Day 773: 5 Minute Freewrite: Monday - Prompt: nautical language (and, The Posture of Innocence, day 40)

in #writing3 months ago (edited)

Lieutenant Longstreet, a former merchant seaman, notices that all is suddenly not well with Captain Lee's ship of state, while Captain Lee has visions of fire for the first time in 27 years ...

To get totally caught up on The Posture of Innocence, here are the prologue, day 1, day 2, day 3, day 3.5, day 4, day 4.5, day 5, day 5.5, day 6, day 7, day 7.5, day 8, day 9, day 9.5, day 10, day 10.5, day 11, day 11.5, day 12, day 12.5, day 13, day 13.5, day 14, day 15, day 16, day 16.5, day 17, day 18, day 19, day 19.5, day 20, day 20.5, day 21, day 22, day 22.5, day 23, day 23.5, day 24, day 24.5, day 25, day 25.5, day 26, day 26.5, day 27, day 27.5, day 28, day 28.5, day 29, day 29.5, day 30, day 30.5, day 31, day 31.5, day 32, day 32.5, day 33, day 33.5, day 34, day 34.5, day 35, day 35.5, day 36, day 36.5, day 37, day 37.5, day 38, day 38.5, day 39, and day 39.5!

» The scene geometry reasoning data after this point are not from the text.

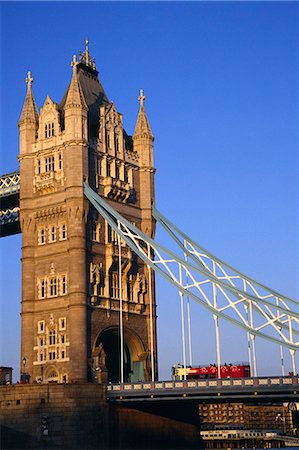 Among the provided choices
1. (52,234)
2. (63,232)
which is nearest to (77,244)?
(63,232)

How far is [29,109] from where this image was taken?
3794 inches

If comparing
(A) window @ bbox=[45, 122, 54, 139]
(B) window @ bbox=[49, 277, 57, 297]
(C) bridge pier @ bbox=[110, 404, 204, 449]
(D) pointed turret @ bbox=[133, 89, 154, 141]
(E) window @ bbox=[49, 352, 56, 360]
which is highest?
(D) pointed turret @ bbox=[133, 89, 154, 141]

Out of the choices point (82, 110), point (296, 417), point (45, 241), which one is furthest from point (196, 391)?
point (296, 417)

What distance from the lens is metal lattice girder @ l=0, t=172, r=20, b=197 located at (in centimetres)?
9800

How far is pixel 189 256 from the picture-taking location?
90.4 metres

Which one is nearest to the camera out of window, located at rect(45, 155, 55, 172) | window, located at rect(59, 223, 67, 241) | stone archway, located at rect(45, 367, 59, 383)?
stone archway, located at rect(45, 367, 59, 383)

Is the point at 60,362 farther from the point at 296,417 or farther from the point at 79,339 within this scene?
the point at 296,417

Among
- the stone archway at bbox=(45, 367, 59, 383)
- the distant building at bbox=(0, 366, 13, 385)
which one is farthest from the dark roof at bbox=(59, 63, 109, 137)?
the distant building at bbox=(0, 366, 13, 385)

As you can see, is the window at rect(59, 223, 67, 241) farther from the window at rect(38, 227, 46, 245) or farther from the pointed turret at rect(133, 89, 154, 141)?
the pointed turret at rect(133, 89, 154, 141)

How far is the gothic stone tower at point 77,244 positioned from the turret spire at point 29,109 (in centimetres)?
12

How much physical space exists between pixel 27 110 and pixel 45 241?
53.4 ft

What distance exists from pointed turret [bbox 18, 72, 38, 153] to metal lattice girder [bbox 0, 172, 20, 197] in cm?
462

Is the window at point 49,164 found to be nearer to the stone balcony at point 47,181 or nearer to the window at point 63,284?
the stone balcony at point 47,181

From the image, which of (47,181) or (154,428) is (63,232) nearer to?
(47,181) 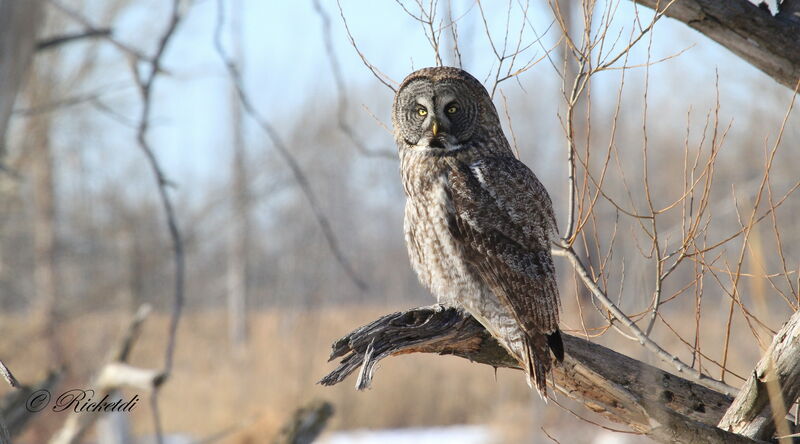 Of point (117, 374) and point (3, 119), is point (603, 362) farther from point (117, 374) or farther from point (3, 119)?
point (117, 374)

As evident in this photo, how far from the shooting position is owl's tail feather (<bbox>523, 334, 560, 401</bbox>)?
250 centimetres

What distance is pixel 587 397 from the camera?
2.50m

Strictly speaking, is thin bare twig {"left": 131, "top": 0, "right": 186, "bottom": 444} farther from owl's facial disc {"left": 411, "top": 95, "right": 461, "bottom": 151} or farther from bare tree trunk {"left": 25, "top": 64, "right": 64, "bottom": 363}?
bare tree trunk {"left": 25, "top": 64, "right": 64, "bottom": 363}

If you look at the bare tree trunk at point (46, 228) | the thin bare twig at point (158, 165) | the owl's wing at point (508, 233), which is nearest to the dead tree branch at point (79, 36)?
the thin bare twig at point (158, 165)

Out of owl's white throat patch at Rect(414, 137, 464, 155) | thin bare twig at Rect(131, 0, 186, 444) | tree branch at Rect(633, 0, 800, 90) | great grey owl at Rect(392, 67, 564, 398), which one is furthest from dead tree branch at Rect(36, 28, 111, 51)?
tree branch at Rect(633, 0, 800, 90)

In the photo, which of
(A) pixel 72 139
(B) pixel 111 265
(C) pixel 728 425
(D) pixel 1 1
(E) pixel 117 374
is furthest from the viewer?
(B) pixel 111 265

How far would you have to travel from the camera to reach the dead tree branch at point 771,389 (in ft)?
6.18

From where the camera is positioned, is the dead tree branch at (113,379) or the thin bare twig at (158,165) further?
the dead tree branch at (113,379)

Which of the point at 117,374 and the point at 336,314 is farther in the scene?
the point at 336,314

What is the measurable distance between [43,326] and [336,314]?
459cm

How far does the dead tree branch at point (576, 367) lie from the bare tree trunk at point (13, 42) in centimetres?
111

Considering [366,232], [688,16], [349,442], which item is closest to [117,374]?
[688,16]

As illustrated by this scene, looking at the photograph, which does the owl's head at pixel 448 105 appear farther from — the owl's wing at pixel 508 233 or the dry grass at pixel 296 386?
the dry grass at pixel 296 386

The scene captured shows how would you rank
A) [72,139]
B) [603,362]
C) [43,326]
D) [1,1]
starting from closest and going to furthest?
[1,1]
[603,362]
[43,326]
[72,139] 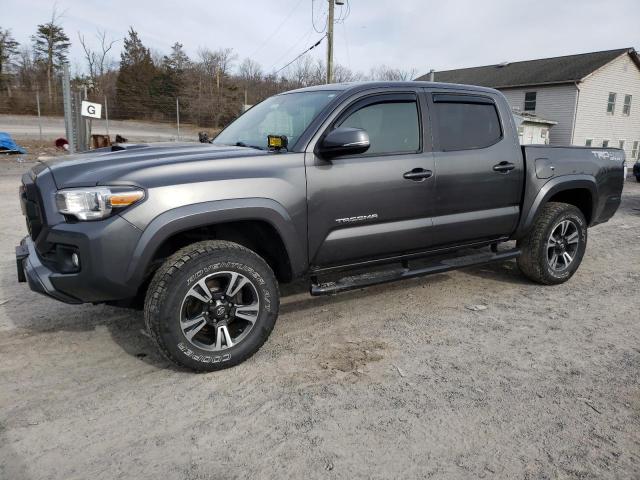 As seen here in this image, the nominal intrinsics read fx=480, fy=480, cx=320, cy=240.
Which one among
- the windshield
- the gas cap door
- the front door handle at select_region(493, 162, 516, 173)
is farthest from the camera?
the gas cap door

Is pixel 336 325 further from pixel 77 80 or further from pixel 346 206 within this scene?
pixel 77 80

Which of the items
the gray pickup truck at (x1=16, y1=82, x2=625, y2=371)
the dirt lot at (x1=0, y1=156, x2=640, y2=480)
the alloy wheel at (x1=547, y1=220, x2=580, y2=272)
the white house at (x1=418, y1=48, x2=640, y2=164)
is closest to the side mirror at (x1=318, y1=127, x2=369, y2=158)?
the gray pickup truck at (x1=16, y1=82, x2=625, y2=371)

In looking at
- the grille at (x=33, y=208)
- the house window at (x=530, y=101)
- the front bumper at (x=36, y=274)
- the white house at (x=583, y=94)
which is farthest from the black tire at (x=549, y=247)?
the house window at (x=530, y=101)

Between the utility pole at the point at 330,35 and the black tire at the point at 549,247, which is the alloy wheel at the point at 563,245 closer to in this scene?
the black tire at the point at 549,247

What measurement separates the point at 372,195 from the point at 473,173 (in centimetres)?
110

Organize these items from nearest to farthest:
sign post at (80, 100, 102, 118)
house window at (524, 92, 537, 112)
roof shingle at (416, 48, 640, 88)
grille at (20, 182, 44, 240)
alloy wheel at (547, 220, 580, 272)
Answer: grille at (20, 182, 44, 240) → alloy wheel at (547, 220, 580, 272) → sign post at (80, 100, 102, 118) → roof shingle at (416, 48, 640, 88) → house window at (524, 92, 537, 112)

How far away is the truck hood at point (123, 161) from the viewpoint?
2.80 meters

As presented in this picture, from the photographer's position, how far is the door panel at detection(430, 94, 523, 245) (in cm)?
398

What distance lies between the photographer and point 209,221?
117 inches

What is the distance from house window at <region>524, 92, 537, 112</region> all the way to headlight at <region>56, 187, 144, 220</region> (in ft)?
105

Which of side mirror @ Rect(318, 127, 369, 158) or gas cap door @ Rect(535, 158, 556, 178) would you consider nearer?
side mirror @ Rect(318, 127, 369, 158)

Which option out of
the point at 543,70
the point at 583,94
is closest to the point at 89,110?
the point at 583,94

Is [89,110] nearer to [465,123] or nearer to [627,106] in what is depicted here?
[465,123]

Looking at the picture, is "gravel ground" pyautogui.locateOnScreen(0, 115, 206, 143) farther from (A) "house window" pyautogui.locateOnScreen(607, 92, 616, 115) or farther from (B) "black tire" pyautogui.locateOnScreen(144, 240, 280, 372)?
(A) "house window" pyautogui.locateOnScreen(607, 92, 616, 115) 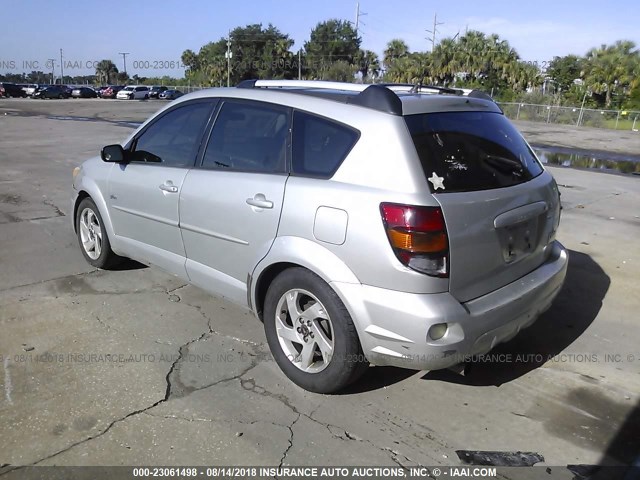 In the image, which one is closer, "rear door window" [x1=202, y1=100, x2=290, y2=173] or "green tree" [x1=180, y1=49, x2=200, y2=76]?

the posture of innocence, little version.png

Lieutenant Lightfoot knocked on the door and walked in with a sheaf of folders under his arm. Before long, Captain Lee, Mr. Black, and the five lieutenants took over the conference room, and the table, and started pulling things apart and together.

“Oh, if these people knew that Captain Calvert didn't get to burn all these other records, and now all these things are coming together – they would run like the fires of hell were licking at their heels!” Mr. Black said when finally Captain Lee called a break for lunch.

Four of the five lieutenants were up like a shot and were out the door, as was Mr. Black, still laughing. Captain Lee did not move, and Lieutenant Longstreet, having seen the captain's sudden expression out of the corner of his eye, turned back...

It so happened that as Captain Lee was himself an orphan at two years old and had lost a son who would have been 27 in 2019, so it was that Lieutenant Longstreet, 27 years old, had lost his father to an accident when he was 14. Captain and lieutenant thus resonated with each other closely, and Lieutenant Longstreet was watchful, conscious of the fact that although Captain Lee had great strength, he also was mortal, and that the stress of the way things had been was wearing on him.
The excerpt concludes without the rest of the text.